Work order
Go through the data below. Pull out every line that has the word "Mini".

Exercise material
***

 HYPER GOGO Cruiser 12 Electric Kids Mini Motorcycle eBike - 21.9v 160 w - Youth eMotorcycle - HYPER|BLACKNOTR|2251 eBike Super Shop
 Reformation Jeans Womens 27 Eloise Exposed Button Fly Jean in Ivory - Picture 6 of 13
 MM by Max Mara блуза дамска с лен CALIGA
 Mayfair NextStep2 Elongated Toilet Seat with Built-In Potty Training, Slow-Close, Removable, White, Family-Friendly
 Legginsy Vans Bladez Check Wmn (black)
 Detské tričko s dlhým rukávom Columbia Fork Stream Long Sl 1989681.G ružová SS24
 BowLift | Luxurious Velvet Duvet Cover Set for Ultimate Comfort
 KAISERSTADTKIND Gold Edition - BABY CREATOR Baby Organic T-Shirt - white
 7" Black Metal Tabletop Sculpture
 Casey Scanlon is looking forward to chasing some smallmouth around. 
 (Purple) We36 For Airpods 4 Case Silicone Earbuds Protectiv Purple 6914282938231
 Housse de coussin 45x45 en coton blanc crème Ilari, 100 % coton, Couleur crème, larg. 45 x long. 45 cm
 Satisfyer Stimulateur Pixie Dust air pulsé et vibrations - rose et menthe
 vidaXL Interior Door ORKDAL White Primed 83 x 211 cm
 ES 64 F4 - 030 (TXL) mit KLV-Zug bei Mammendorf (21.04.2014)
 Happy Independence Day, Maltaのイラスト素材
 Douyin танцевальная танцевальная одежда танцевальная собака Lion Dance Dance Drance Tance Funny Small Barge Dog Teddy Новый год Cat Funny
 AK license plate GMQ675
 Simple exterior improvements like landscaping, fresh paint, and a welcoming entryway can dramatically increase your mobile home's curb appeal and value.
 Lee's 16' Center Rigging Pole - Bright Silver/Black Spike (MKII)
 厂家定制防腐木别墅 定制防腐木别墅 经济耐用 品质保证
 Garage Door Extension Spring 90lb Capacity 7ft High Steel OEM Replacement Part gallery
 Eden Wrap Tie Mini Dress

***

Response to the task
 HYPER GOGO Cruiser 12 Electric Kids Mini Motorcycle eBike - 21.9v 160 w - Youth eMotorcycle - HYPER|BLACKNOTR|2251 eBike Super Shop
 Eden Wrap Tie Mini Dress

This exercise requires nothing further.